Resolution, Part 1: White Noise

This is the start of what will be a series of posts that are an attempt to answer a question about the pro’s and con’s of implementing a volume control in the digital domain. When I first thought about how to answer this question, I thought I could do it in a couple of sentences – but the more I thought about it, the more I realised that the answer is complicated…

There’s no doubt in my mind that I’m making this answer more complicated than necessary, but, as Carl Sagan once said, “If you wish to make apple pie from scratch, you must first create the universe.”

So, to begin, we have to define what “noise” is from the point of view of audio engineering.

On the one hand, we can define it simply. “Noise” is a random signal. We can be more accurate and say that this means that the amplitude of a noise signal cannot be predicted using a knowledge of what has come before in time.

If I flip a coin, it will be either heads or tails. I can’t predict this. It will be random. If I flip it 100 times, and, by some strange coincidence, I get 100 “tails”, there is still a 50% chance of getting a tails on the 101st flip. What has happened before can, in no way, be used to predict what is about to happen.

Of course, what is about to happen on the 101st flip has a limited number of possible outcomes. I cannot flip the coin and get “dog” as a result… (this sounds silly, but it will come in handy later…) Just like I cannot roll two dice and get a 13…

In LPCM digital audio, a noise signal is one where each individual sample in the signal has a random value that is in no way related to any of the previous samples. Its range (the set of possible values from which we can pick our random number) may be limited (depending on the specific characteristics of the noise signal and what may have come before), but it will be random.

Typically, when you are talking to someone in audio about noise, they describe it using a colour as the first descriptor. So, you’ll hear of “white noise” and “pink noise”, as the two most popular examples. For the purposes of this series of postings, we’ll only be talking about white noise. So, what is this?

One definition that you’ll see thrown around a lot says something like “white noise is a random signal that has equal energy per linear bandwidth” or “… equal energy per hertz” or “…equal intensity at different frequencies” or something like this. These descriptions are sort of true if you don’t want to get into temporal details, which, unfortunately, is exactly where we’re headed…

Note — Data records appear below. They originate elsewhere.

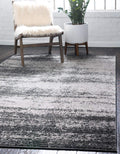 Dark Gray / Ivory 6' 1" x 9' Rectangle Area Rug R465799
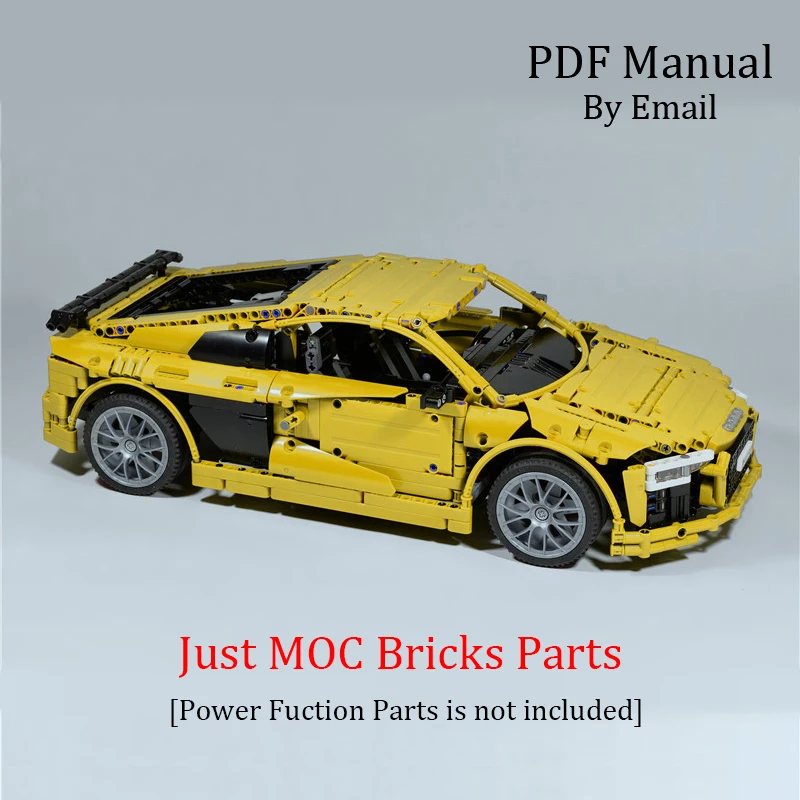 MOC Parts Yellow Technic RC Supercar AuDi R8 MOC набор деталей кирпича для MOC 4463 Строительные блоки Набор игрушек DIY развивающий Детский Подарок Brinquedo - Цвет: MOC Parts Yellow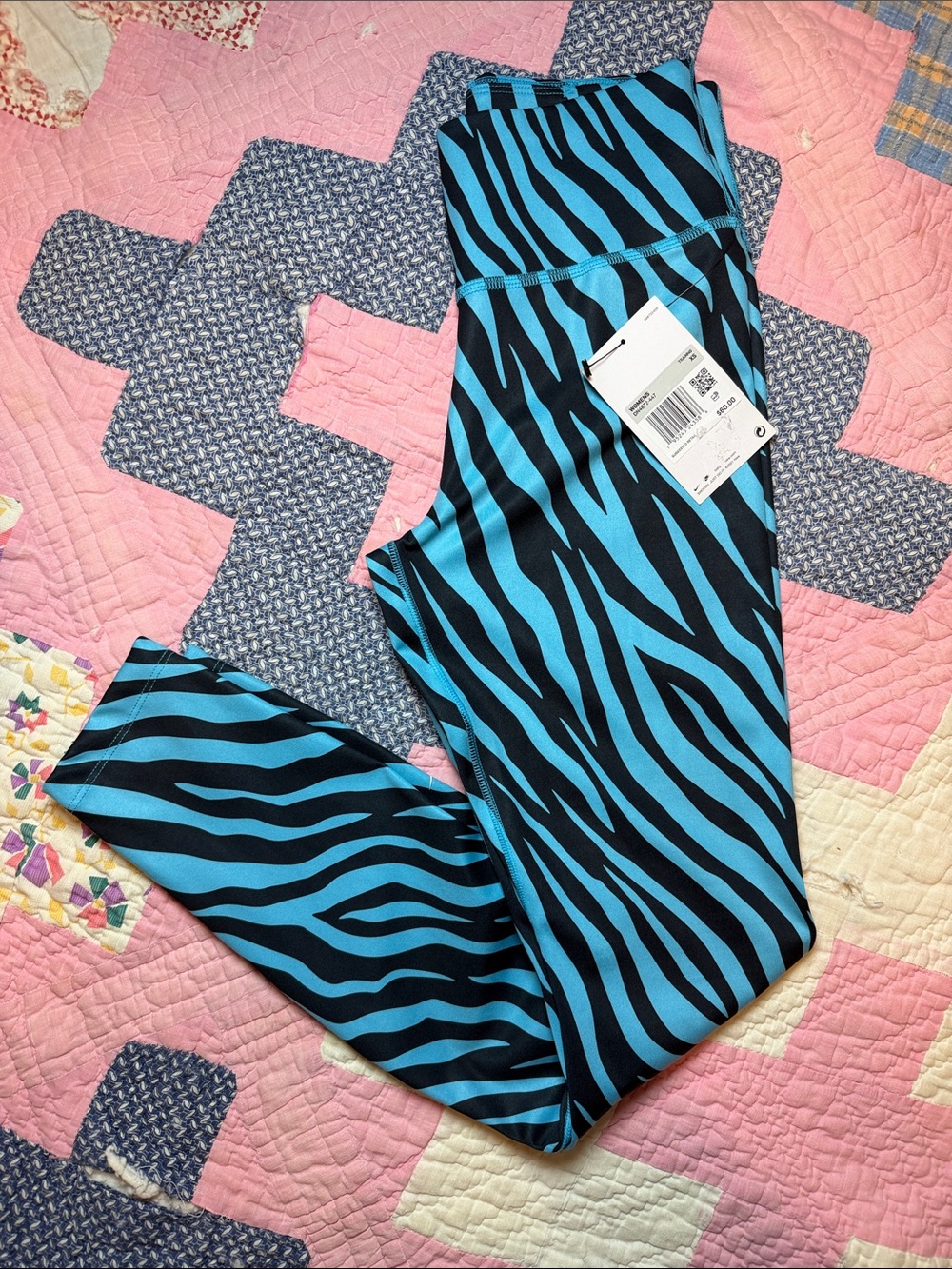 Nike Blue and Black Zebra Print Leggings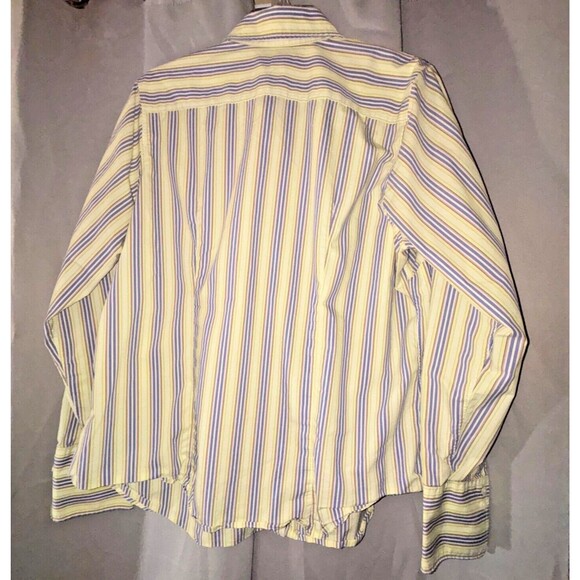 Lands End Women's Size 16 Yellow and Green Striped Long Sleeve Button Up Shirt - Picture 2 of 4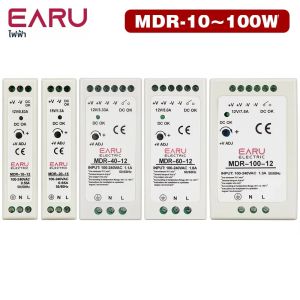 แหล่งจ่ายไฟฟ้ากระแสตรงและกระแสสลับแบบราง Din ขนาดเล็กสำหรับอุตสาหกรรม MDR-10W 20W 40W 60W 100W แบบสวิตชิ่งเอาต์พุตเดี่ยว 12V 24V 48V 100V-240V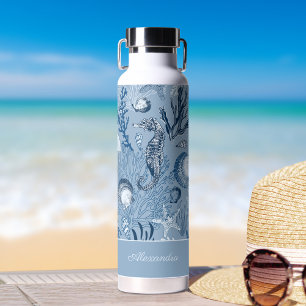 Personalised Beach Blue Ocean Sea Life Water Bottle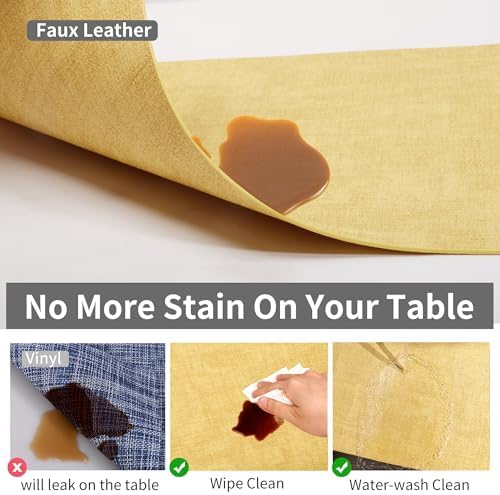 Maxpearl Faux Leather Placemats Set of 8, Easy to Clean, Light Yellow - Image 4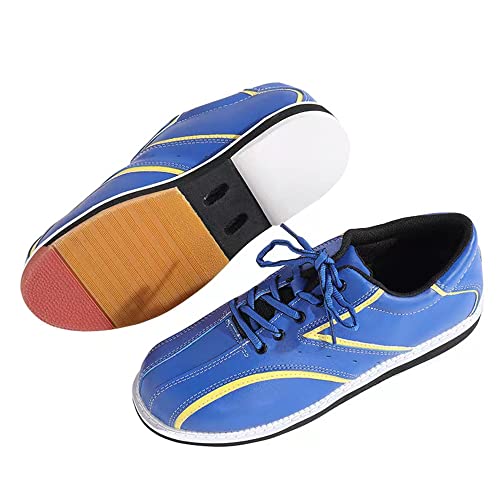 Mens Black/Blue Bowling Shoes Pro Pu Athletic Sneakers Lightweight Gym Shoes (Blue, Numeric_12) #TOP4
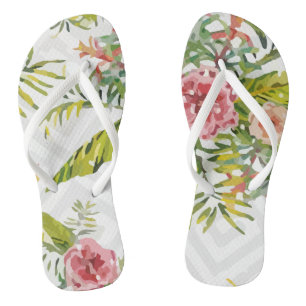 Tongs Motif tropical de neige de Noël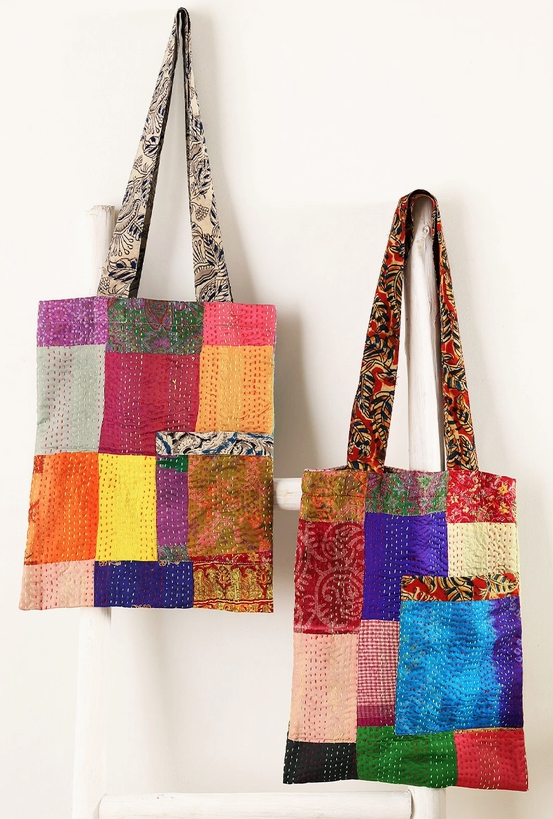 Silk Sari Kantha Tote Bag - Assorted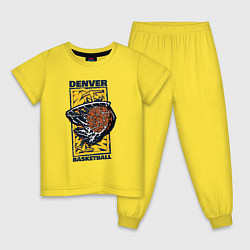 Пижама хлопковая детская Denver splash, цвет: желтый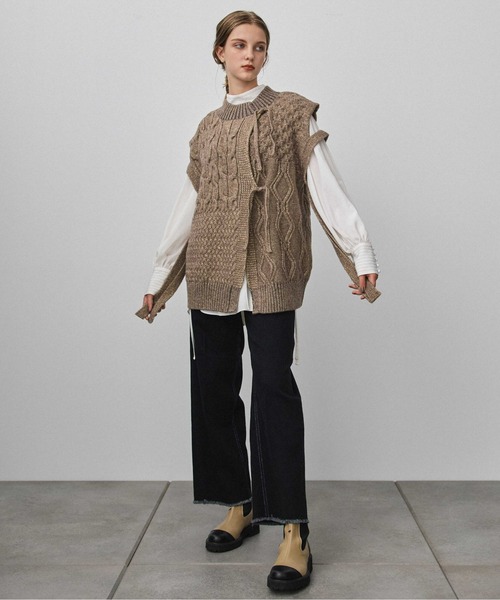 PUBLIC TOKYO(パブリックトウキョウ)の「パターンミックスニットジレベスト(ニット/セーター・レディース・ベージュ/その他2・FREE)」の15枚目の写真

The good thing about those definitions is that they describe a general characteristic of white noise. If you take a white noise signal, and you measure the intensity of (or the energy in) the signal for a given bandwidth (say, a bandwidth of 100 Hz ranging from 200 Hz to 300 Hz) then it will be the same in another frequency range with the same bandwidth (say, a bandwidth of 100 Hz ranging from 1,000 Hz to 1,100 Hz). Note that these two bandwidths are the same in hertz – not in a multiplier like octaves or semitones or decades. So, if you have white noise that has a total bandwidth of 0 Hz to 20,000 Hz, then you will have the same amount of energy in the 0 – to – 10,000 Hz band as you will in the 10,000 – to – 20,000 Hz band. In other words (to us humans), there is as much energy in the top octave of the signal as in the rest of the bandwidth combined.

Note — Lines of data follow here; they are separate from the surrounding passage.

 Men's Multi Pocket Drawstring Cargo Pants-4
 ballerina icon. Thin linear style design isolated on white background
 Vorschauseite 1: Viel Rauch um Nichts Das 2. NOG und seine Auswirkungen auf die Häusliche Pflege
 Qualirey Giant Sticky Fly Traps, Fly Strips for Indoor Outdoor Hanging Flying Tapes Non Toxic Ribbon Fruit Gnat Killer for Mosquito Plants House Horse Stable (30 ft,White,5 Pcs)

This is why white noise sounds like “bright” and “hissy” (similar to the “ss” sound in “hissy”) and not “darker” like the “sh” sound in “ash” (as they incorrectly claim here…). Since white is a “bright” colour, then we use the word “white” to describe the frequency-dependent energy distribution of “white” noise.

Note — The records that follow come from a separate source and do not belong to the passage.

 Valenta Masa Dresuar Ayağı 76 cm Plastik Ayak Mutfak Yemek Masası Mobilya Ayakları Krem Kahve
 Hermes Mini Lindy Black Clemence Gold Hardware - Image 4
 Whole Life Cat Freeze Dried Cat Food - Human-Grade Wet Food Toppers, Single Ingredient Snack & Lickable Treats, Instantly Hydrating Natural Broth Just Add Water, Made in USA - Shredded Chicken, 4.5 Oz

However, this is not really true. The truth is that a white noise signal has an equal probability per bandwidth of having the same energy level. This little detail is usually left out, partly because it’s complicated, and partly because it doesn’t matter in most cases in the real world. However, in our case, it does.

Let’s look at an example. I made a white noise signal in Matlab using the statement
rand(SignalLength, 1) – rand(SignalLength, 1)
where SignalLength is the length of the noise signal in samples, and the 1 means that I’m doing this for 1 audio channel…. mono is so retro…

You may be wondering why I did a
rand() – rand()
instead of just a
rand().
the simple answer for now was that I wanted to make the signal “balanced” on either side of the zero line and the rand() function in Matlab has a range of 0 to 1.

I know… I could have done this by saying
2 * (rand(SignalLength, 1) – 0.5)
but there is another reason that we’ll get into later…)

I then used a DFT to find the magnitude response of this signal. The result – both the signal and its magnitude response – are shown below in Figure 1.

Figure 1: A random signal shown in the time domain (top plot) and its magnitude response (bottom plot).

Some additional information that is really not important: The sampling rate of this signal is 2^16 (65,536 Hz), and I did a 2^16 point DFT, so I have one frequency bin per hertz. (If this last bit of information is confusing, but interesting, please start reading this…)

You may notice that the magnitude is “flat” – meaning that it generally doesn’t slope upwards or downwards. However, you will also notice that it is certainly not “flat” – meaning that it is not a perfectly straight line. In fact, if we zoom in on both plots, we can see Figure 2.

Figure 2: A portion of Figure 1, zoomed in to show some details.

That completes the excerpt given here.